• [RECORDS SUPPLIED]
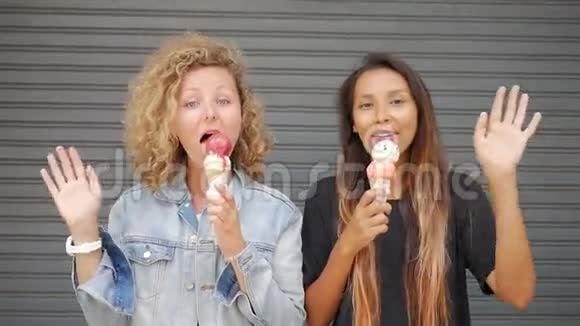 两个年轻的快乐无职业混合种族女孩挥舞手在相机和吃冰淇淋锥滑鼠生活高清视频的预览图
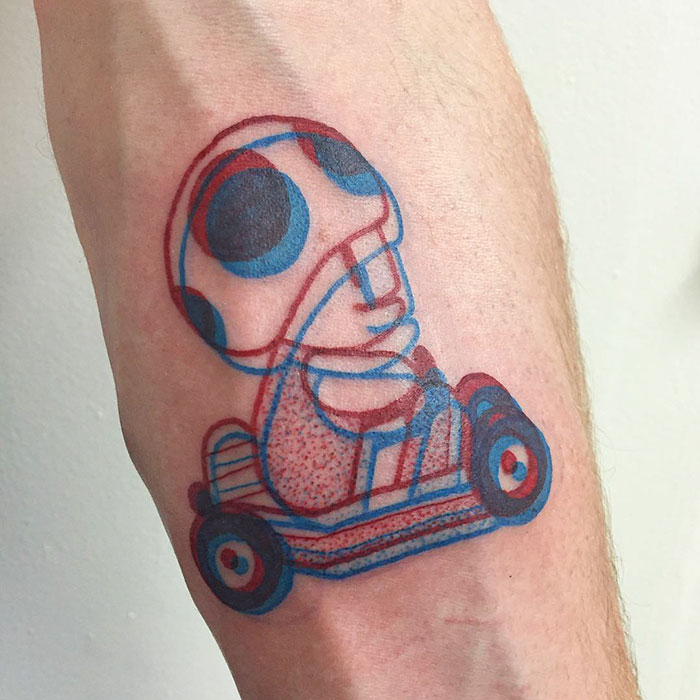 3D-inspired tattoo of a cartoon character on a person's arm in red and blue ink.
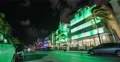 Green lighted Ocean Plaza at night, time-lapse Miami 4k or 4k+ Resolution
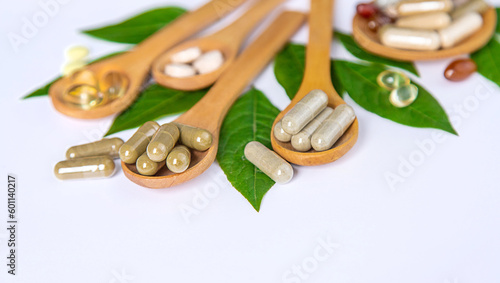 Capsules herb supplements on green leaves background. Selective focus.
* * *
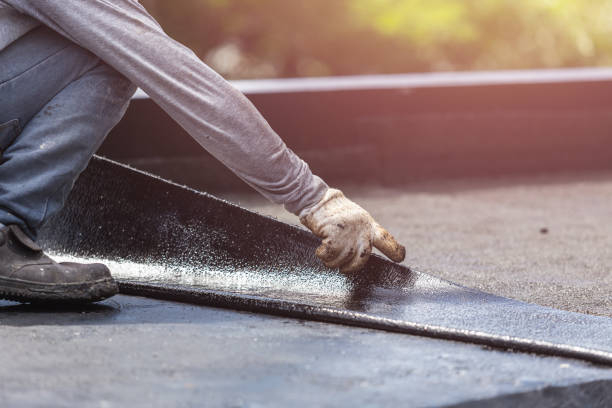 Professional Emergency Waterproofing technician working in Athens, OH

• [AIM OF THE EXERCISE] From the records above, return exactly the lines running from the one that contains "两个年轻的快乐无职业混合种族" down to the one that contains "Capsules herb supplements", both included, without any pictures.

• [EXERCISE OUTPUT]
 两个年轻的快乐无职业混合种族女孩挥舞手在相机和吃冰淇淋锥滑鼠生活高清视频的预览图
 3D-inspired tattoo of a cartoon character on a person's arm in red and blue ink.
 Green lighted Ocean Plaza at night, time-lapse Miami 4k or 4k+ Resolution
 Capsules herb supplements on green leaves background. Selective focus.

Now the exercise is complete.